» **EXERCISE AIM**:
Only text lines belong in the answer: the lines from the first one in the records through the line with "WV license plate 4EE992", copied exactly.

» **INFORMATION**:
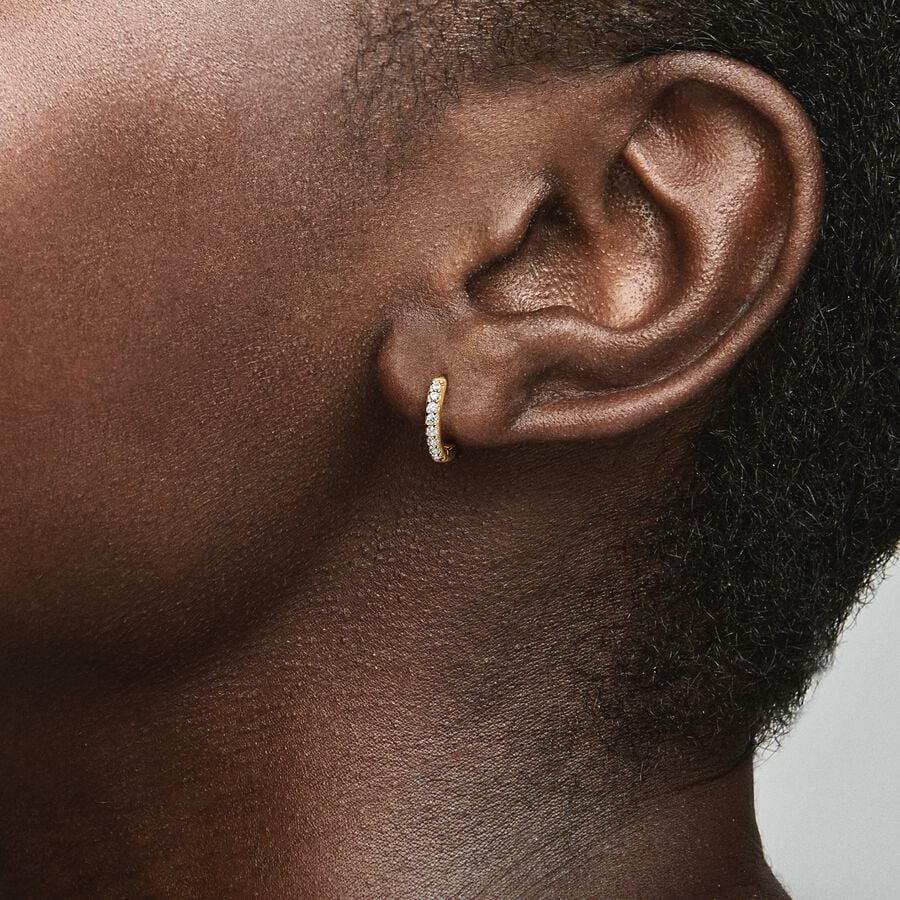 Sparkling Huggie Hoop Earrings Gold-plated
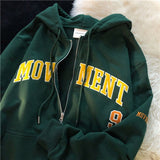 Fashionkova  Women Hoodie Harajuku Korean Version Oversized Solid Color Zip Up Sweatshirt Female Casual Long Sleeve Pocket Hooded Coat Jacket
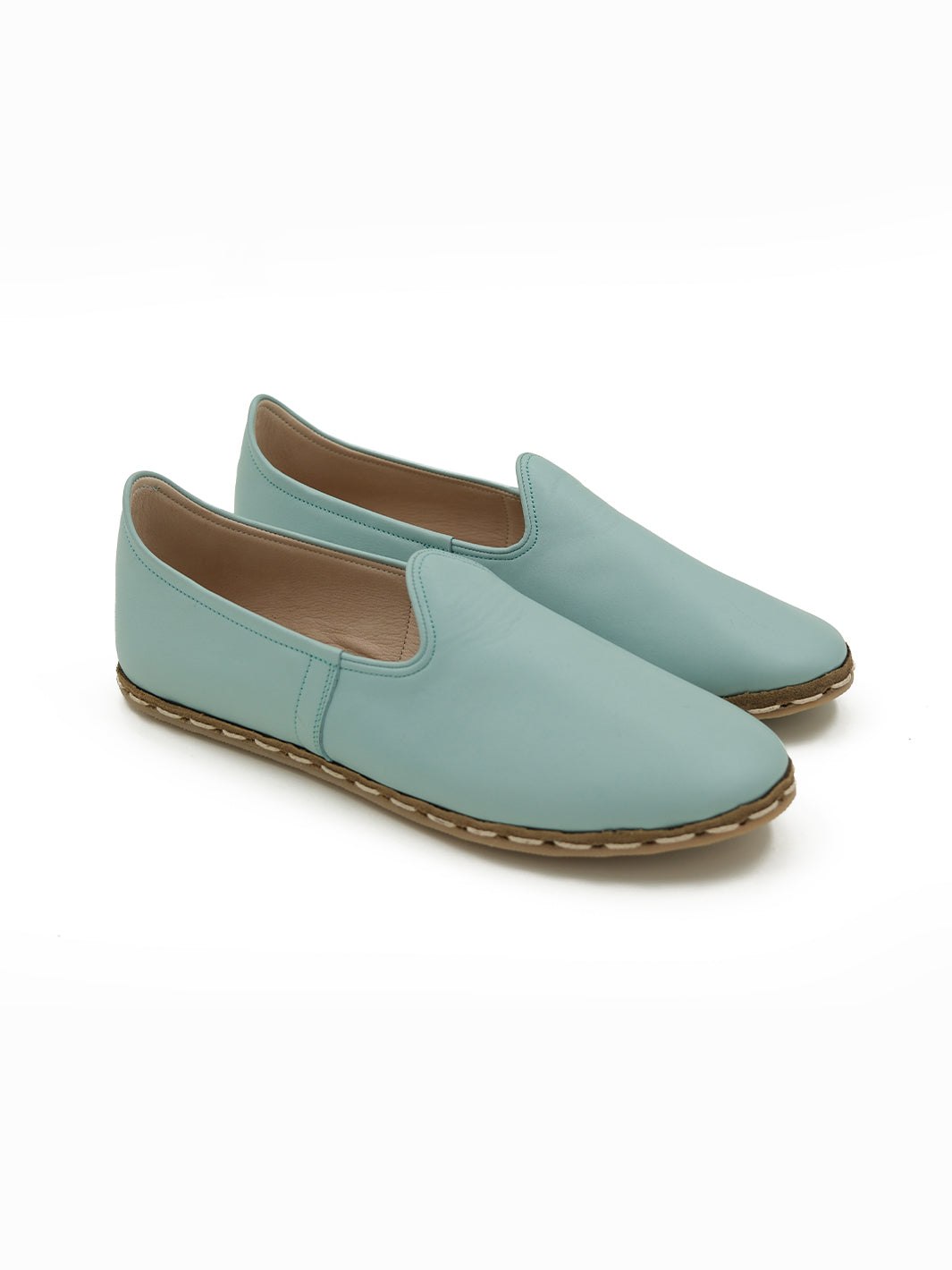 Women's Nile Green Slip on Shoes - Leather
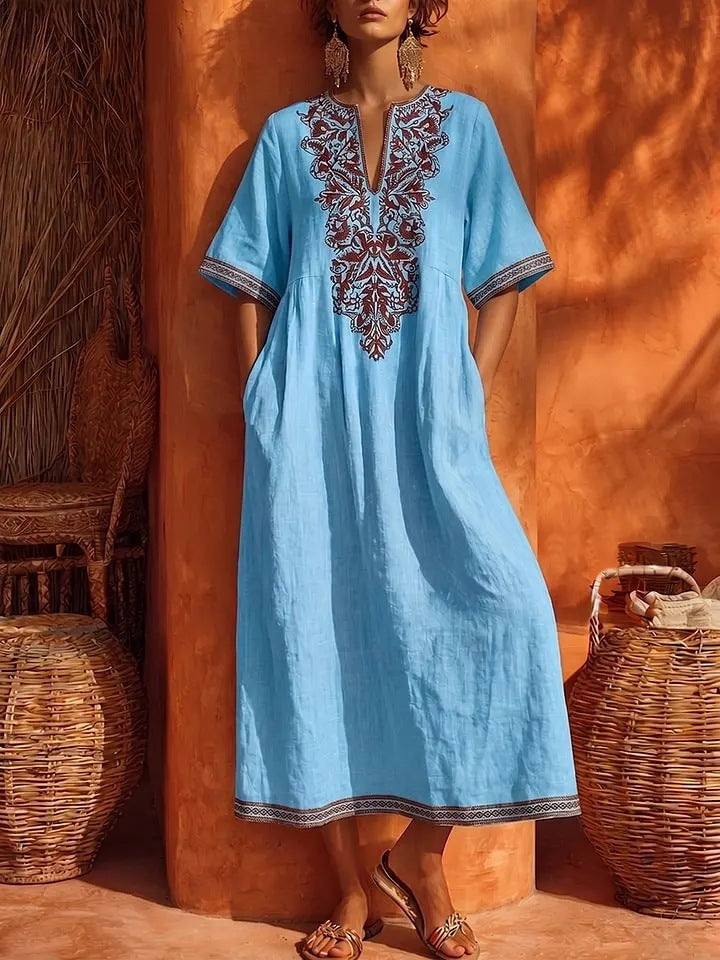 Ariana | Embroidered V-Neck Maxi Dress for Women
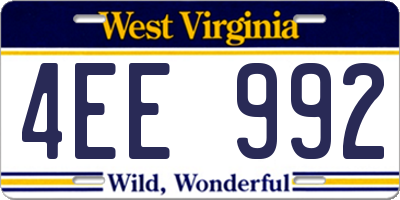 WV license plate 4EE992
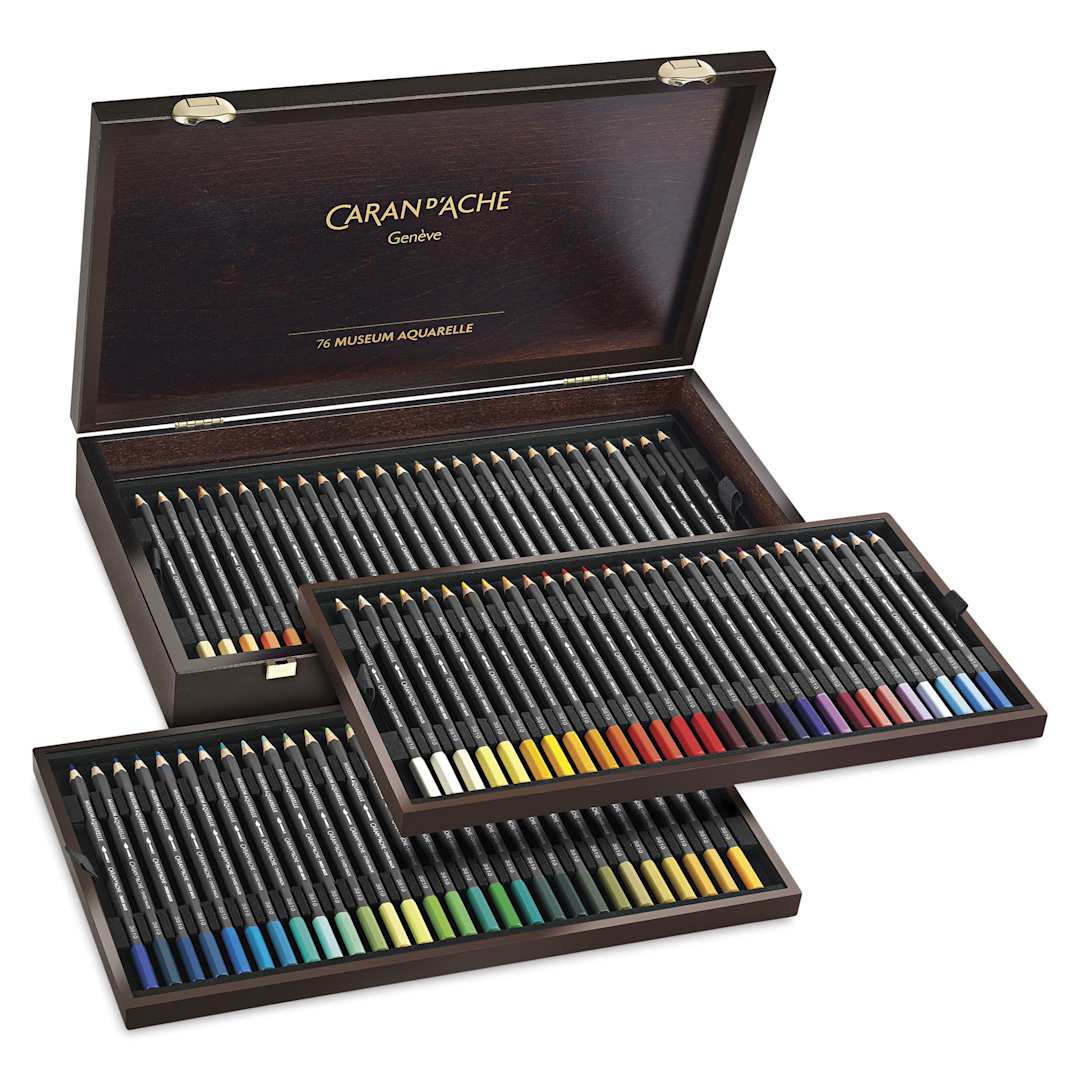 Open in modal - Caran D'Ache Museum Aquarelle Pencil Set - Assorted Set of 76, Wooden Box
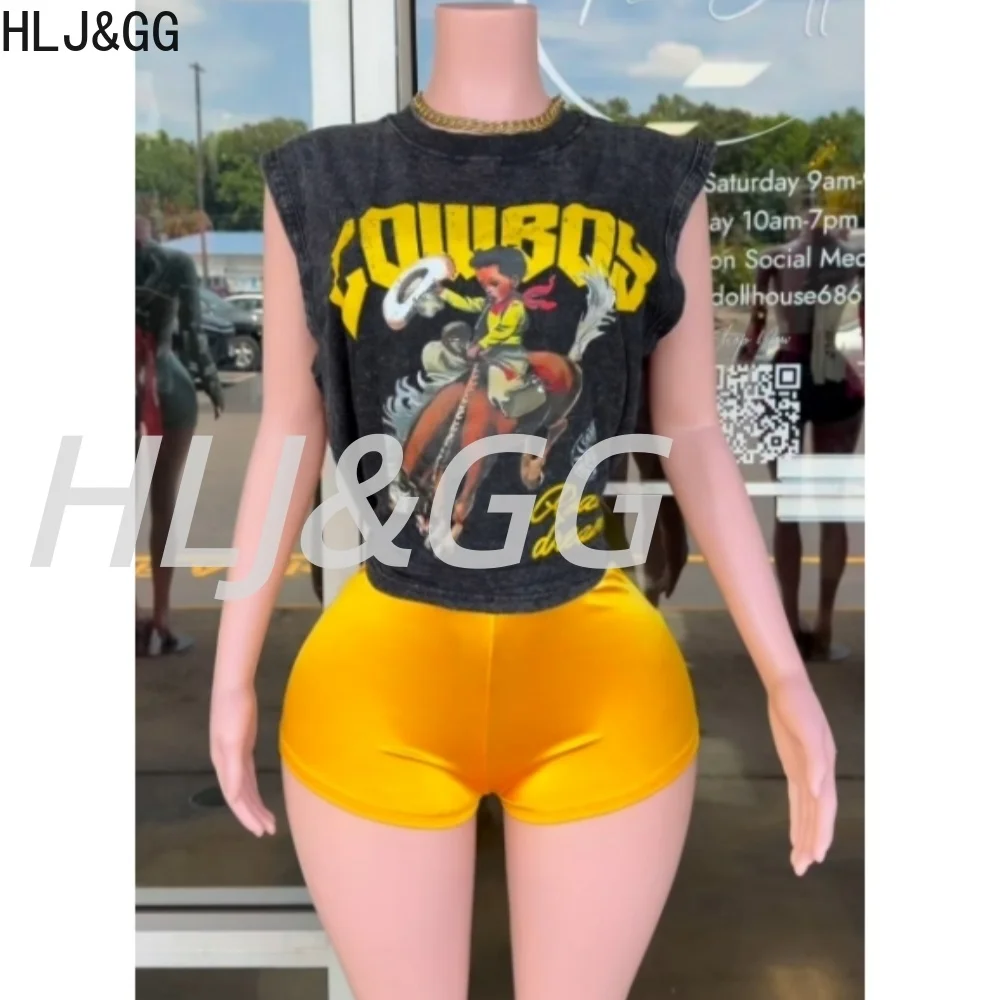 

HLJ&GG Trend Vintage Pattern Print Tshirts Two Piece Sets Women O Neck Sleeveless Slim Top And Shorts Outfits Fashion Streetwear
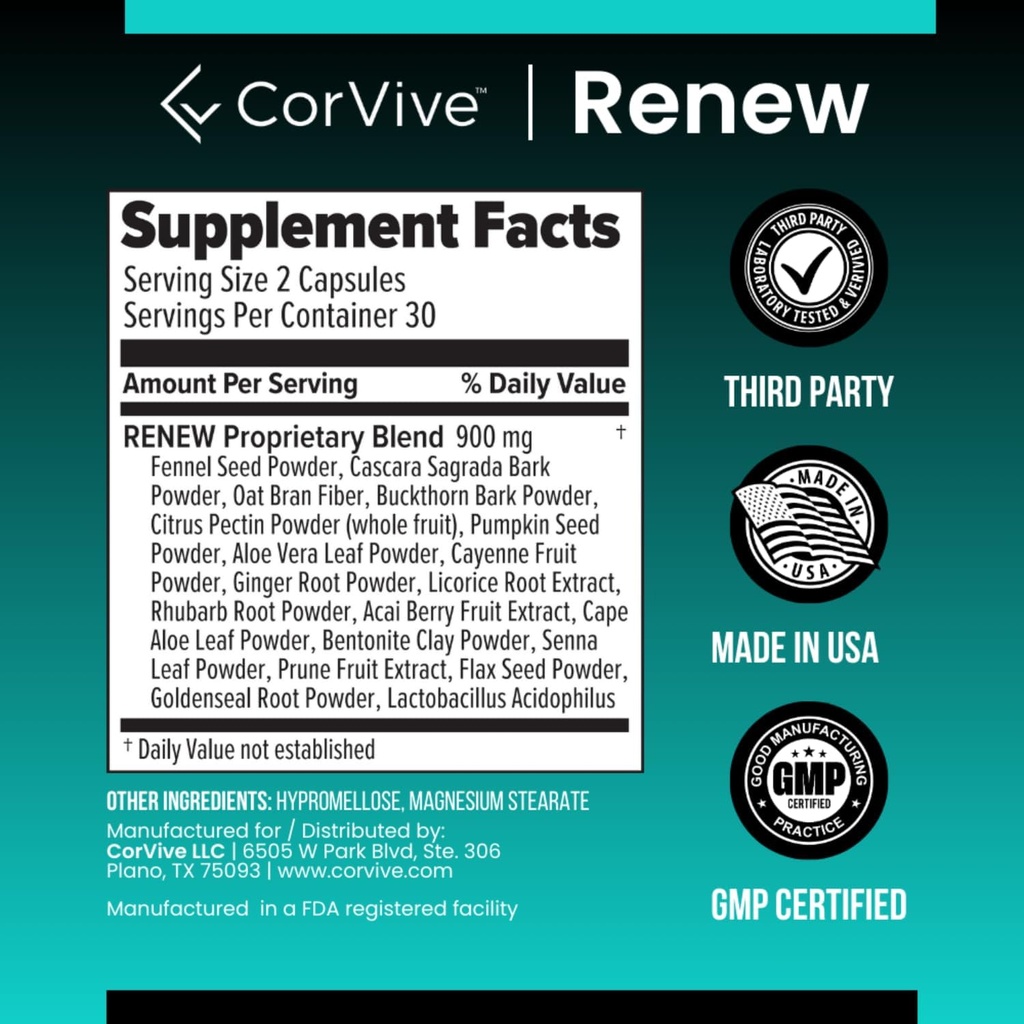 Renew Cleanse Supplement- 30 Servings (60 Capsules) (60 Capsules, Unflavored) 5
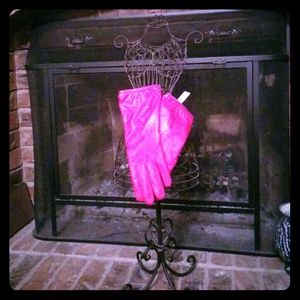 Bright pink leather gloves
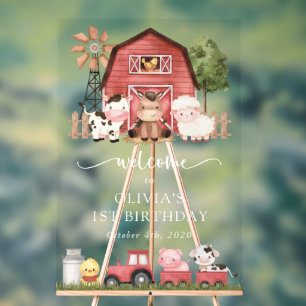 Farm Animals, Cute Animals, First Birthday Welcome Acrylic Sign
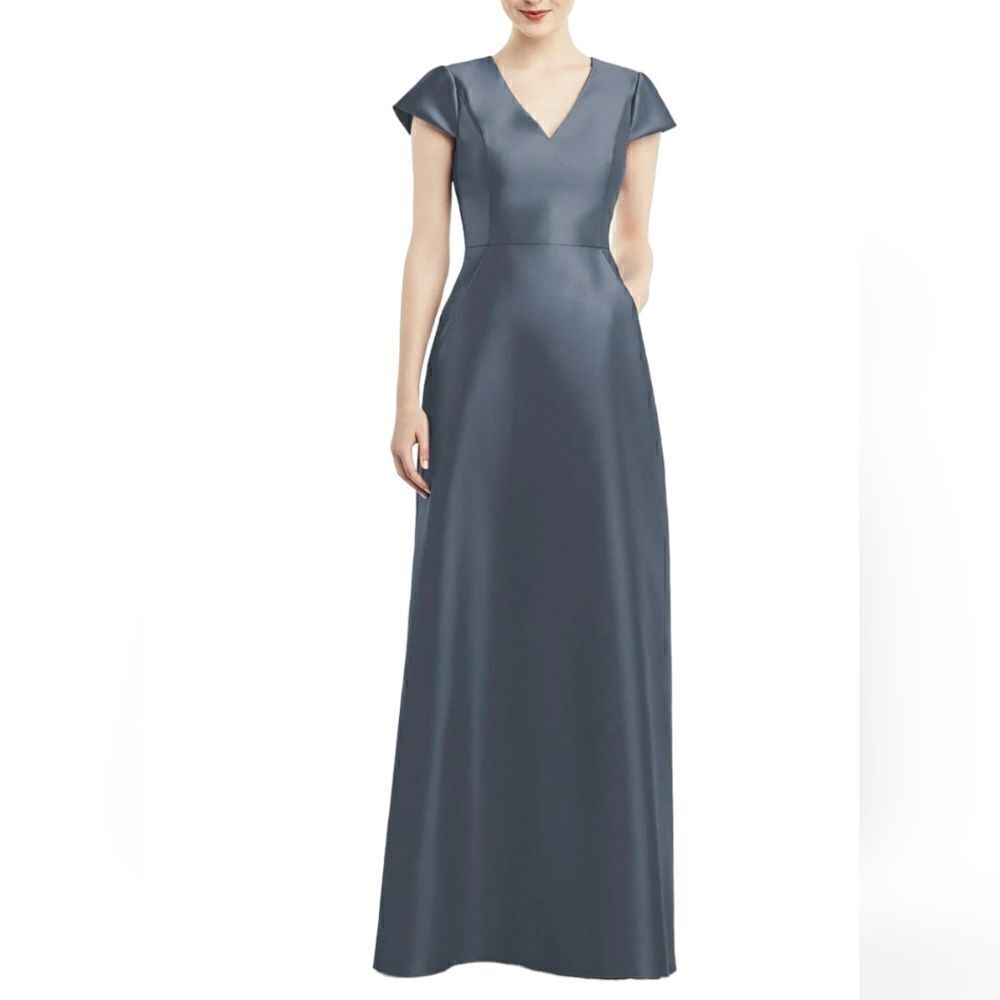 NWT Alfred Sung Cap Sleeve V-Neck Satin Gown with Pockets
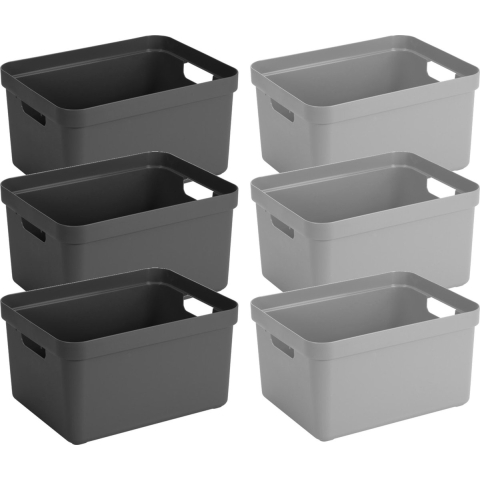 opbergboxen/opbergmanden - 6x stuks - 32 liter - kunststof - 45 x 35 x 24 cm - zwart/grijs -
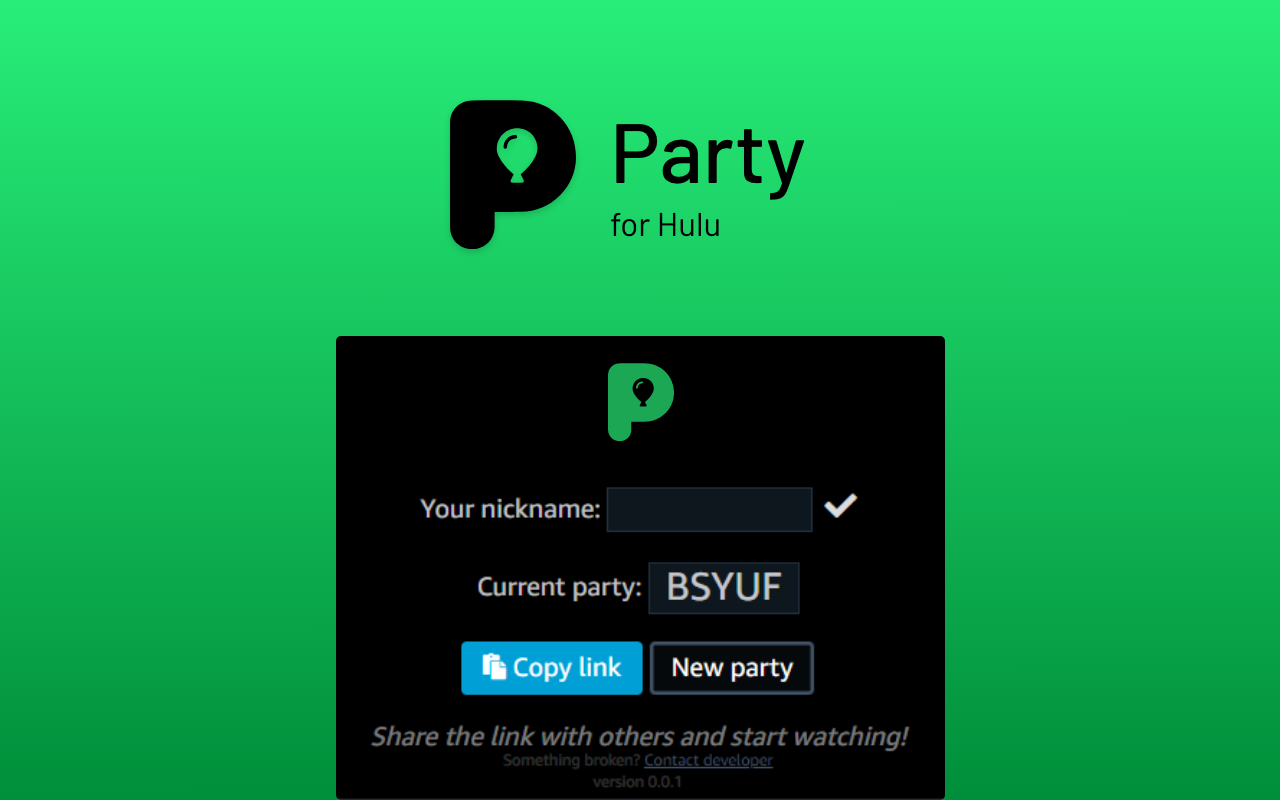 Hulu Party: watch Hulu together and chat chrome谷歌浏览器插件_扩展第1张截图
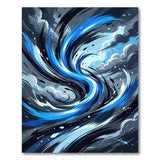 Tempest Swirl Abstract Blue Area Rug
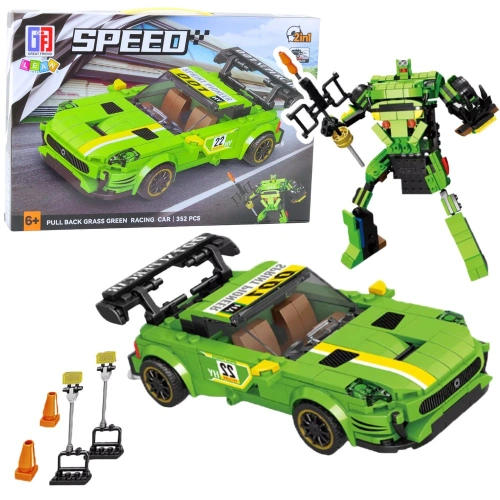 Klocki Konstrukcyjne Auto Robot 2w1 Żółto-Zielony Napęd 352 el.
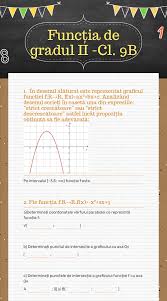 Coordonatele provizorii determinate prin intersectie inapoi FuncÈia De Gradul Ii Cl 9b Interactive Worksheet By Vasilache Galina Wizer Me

» **RESULT OF THE EXERCISE**:
 Sparkling Huggie Hoop Earrings Gold-plated
 Fashionkova  Women Hoodie Harajuku Korean Version Oversized Solid Color Zip Up Sweatshirt Female Casual Long Sleeve Pocket Hooded Coat Jacket
 Women's Nile Green Slip on Shoes - Leather
 Ariana | Embroidered V-Neck Maxi Dress for Women
 WV license plate 4EE992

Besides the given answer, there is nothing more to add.